* Task description
Given the entries that follow, write out exactly the lines starting at the one containing "6128 Se CENTER St, Portland, OR 97206" and ending at the one containing "Ditlantas Polda Riau", both ends included, and only those.

* Dataset entries
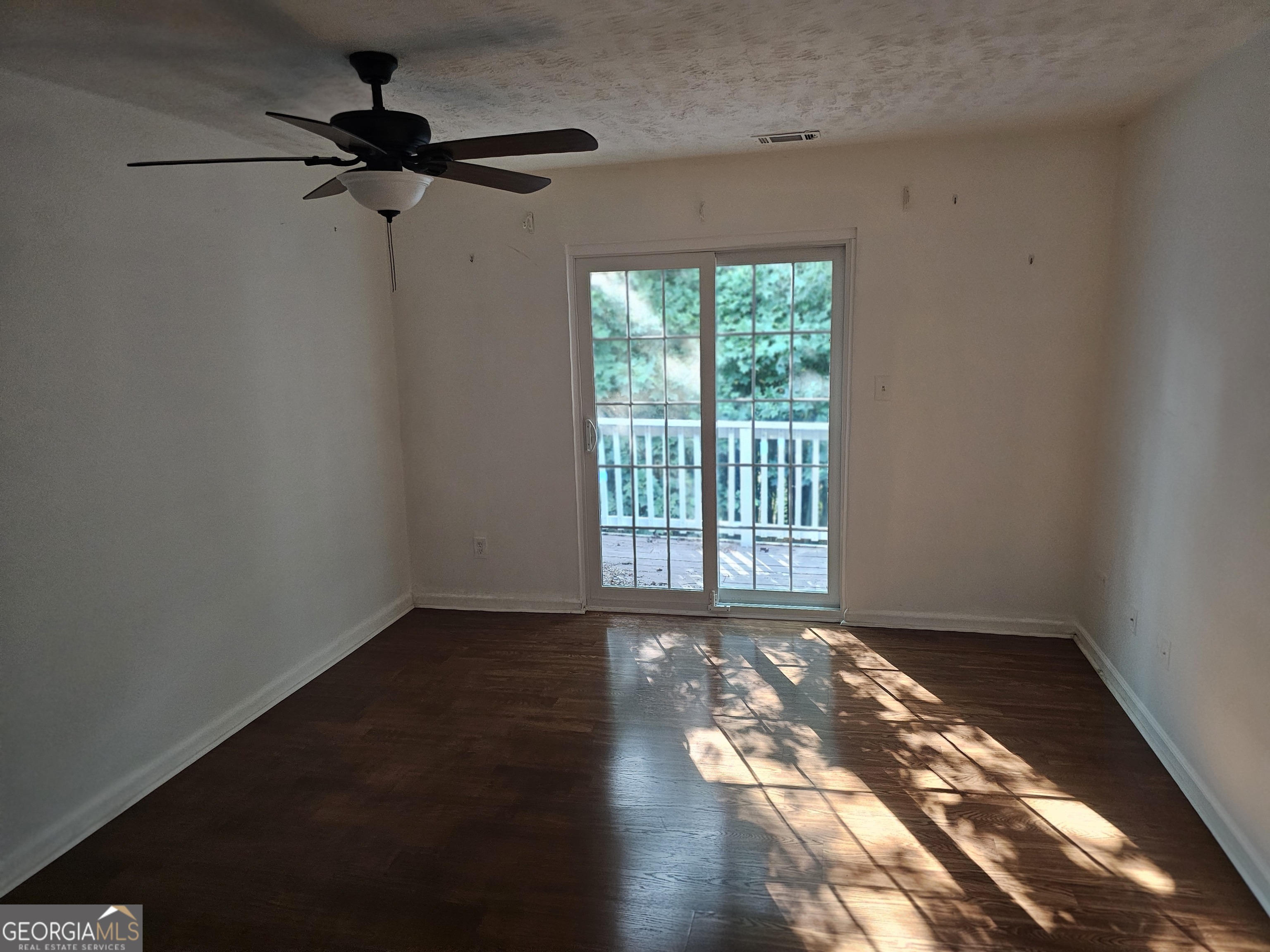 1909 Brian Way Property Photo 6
--
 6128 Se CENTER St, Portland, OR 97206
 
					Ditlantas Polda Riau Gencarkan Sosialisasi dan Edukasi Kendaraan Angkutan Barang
* * *
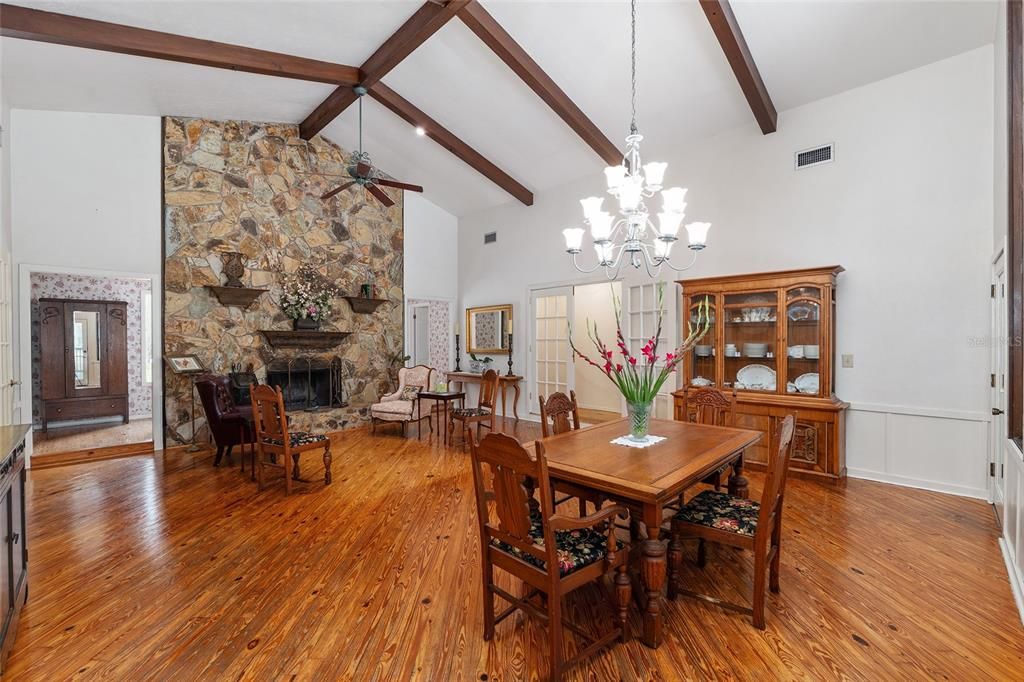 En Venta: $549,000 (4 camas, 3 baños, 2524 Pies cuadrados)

* Exercise solution
 6128 Se CENTER St, Portland, OR 97206
 
					Ditlantas Polda Riau Gencarkan Sosialisasi dan Edukasi Kendaraan Angkutan Barang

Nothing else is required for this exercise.